++++ DATA SHOWN ++++
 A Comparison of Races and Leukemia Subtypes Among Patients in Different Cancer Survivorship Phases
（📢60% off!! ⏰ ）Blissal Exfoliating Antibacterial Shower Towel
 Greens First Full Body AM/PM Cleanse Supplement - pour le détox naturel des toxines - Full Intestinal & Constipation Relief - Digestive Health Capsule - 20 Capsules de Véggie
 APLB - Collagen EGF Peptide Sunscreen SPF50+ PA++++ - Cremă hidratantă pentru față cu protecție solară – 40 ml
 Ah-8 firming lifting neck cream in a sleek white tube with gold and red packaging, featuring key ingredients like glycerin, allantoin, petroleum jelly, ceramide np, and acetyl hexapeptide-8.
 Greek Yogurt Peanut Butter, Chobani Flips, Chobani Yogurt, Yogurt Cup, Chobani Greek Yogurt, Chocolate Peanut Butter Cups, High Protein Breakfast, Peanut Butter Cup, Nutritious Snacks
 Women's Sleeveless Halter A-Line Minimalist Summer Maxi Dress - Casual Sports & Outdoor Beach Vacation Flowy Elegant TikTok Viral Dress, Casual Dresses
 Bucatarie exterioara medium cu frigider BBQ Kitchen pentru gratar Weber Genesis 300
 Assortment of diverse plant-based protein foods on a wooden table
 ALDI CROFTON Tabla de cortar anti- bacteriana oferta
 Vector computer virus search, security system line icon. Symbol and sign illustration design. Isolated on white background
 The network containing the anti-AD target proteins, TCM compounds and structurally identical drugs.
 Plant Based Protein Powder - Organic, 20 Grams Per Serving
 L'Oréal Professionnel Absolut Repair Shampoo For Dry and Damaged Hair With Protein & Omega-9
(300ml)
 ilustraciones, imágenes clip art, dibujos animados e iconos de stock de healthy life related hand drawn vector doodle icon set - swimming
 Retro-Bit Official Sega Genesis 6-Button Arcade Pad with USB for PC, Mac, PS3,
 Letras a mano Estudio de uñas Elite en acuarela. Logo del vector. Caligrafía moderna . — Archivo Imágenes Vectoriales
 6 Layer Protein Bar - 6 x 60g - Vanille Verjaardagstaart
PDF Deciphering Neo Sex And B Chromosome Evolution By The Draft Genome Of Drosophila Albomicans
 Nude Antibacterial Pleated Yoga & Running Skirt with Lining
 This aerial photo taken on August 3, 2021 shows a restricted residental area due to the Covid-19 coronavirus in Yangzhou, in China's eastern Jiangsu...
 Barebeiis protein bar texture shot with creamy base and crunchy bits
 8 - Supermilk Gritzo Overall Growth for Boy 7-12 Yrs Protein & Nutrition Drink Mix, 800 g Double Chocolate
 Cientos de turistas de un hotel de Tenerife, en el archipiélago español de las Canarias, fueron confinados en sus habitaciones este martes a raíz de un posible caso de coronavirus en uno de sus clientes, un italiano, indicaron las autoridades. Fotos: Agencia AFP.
++++
### YOUR ASSIGNMENT
Nothing but the lines above from the one containing "L'Oréal Professionnel Absolut" through the one containing "This aerial photo" should appear in the answer, each repeated exactly.

### RESPONSE AREA
 L'Oréal Professionnel Absolut Repair Shampoo For Dry and Damaged Hair With Protein & Omega-9
(300ml)
 ilustraciones, imágenes clip art, dibujos animados e iconos de stock de healthy life related hand drawn vector doodle icon set - swimming
 Retro-Bit Official Sega Genesis 6-Button Arcade Pad with USB for PC, Mac, PS3,
 Letras a mano Estudio de uñas Elite en acuarela. Logo del vector. Caligrafía moderna . — Archivo Imágenes Vectoriales
 6 Layer Protein Bar - 6 x 60g - Vanille Verjaardagstaart
PDF Deciphering Neo Sex And B Chromosome Evolution By The Draft Genome Of Drosophila Albomicans
 Nude Antibacterial Pleated Yoga & Running Skirt with Lining
 This aerial photo taken on August 3, 2021 shows a restricted residental area due to the Covid-19 coronavirus in Yangzhou, in China's eastern Jiangsu...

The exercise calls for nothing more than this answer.